I have a financial dataset with ~2 million rows. I would like to import it as a pandas dataframe and add additional columns by applying rowwise functions utilizing some of the existing column values. For this purpose I would like to not use any techniques like parallelization, hadoop for python, etc, and so I'm faced with the following:
I am already doing this similar to the example below and performance is poor, ~24 minutes to just get through ~20K rows. Note: this is not the actual function, it is completely made up. For the additional columns I am calculating various financial option metrics. I suspect the slow speed is primarily due to iterating over all the rows, not really the functions themselves as they are fairly simple (e.g. calculating price of an option). I know I can speed up little things in the functions themselves, such as using erf instead of the normal distribution, but for this purpose I want to focus on the holistic problem itself.

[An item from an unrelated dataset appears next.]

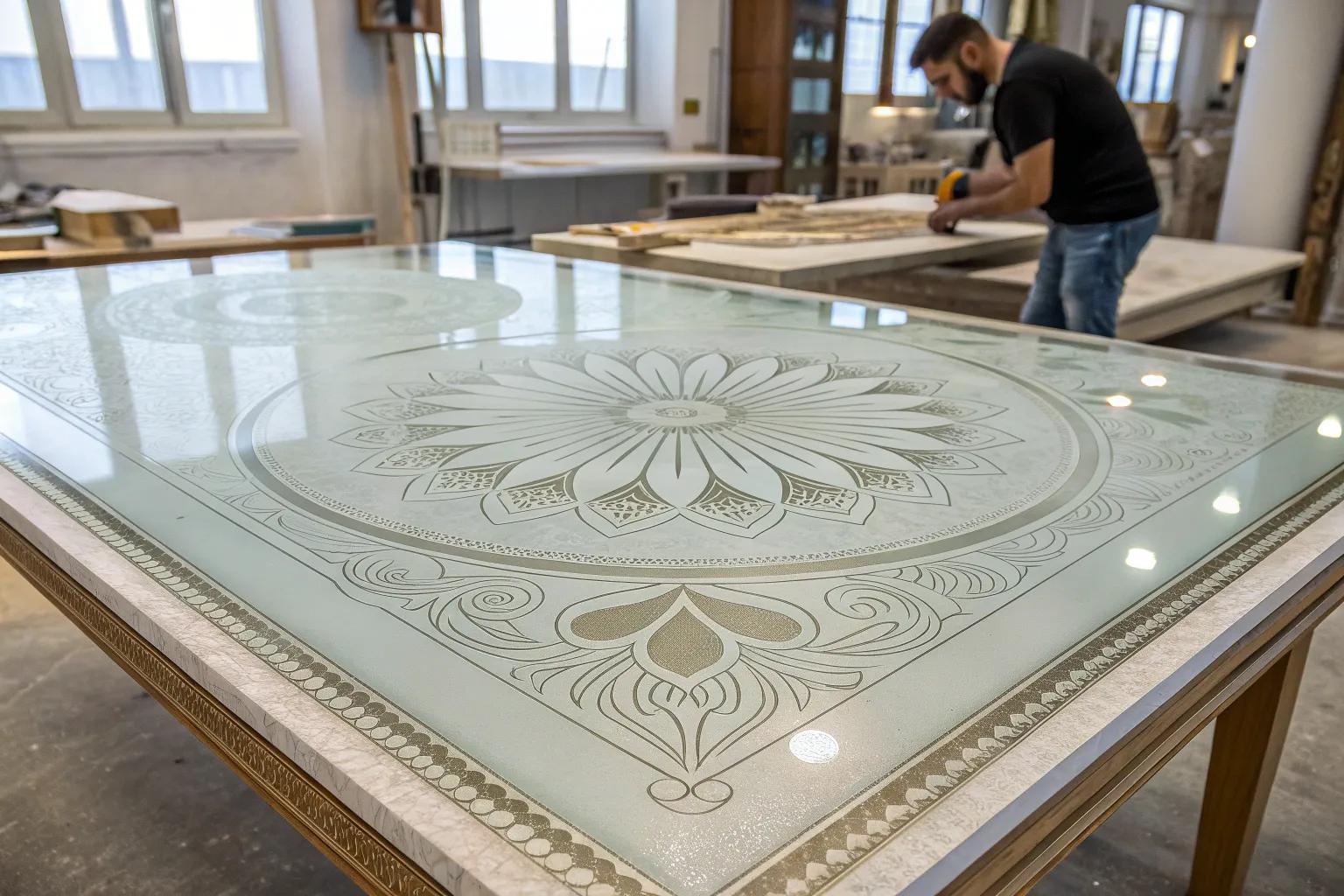 16+ Stunning Glass Top DIY Table Makeover Ideas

def func(alpha, beta, time, vol):
px = (alpha*beta)/time * vol
return px
# Method 1 (could also use itertuples here) - this is the one that takes ~24 minutes now
for row in df.iterrows():
df['px'][row] = func(alpha, beta, df['time'][row], df['vol'][row])
I have also tried vectorizing this but keep getting an error about 'cannot serialize float' or something like that.
My thought is to try one of the following methods, and I am not sure which one would theoretically be fastest? Are there non-linearities associated with running these, such that a test with 1000 rows would not necessarily indicate which would be fastest across all 2 million rows? Probably a separate question, but should I focus on more efficient ways to manage the dataset rather than just focus on applying the functions?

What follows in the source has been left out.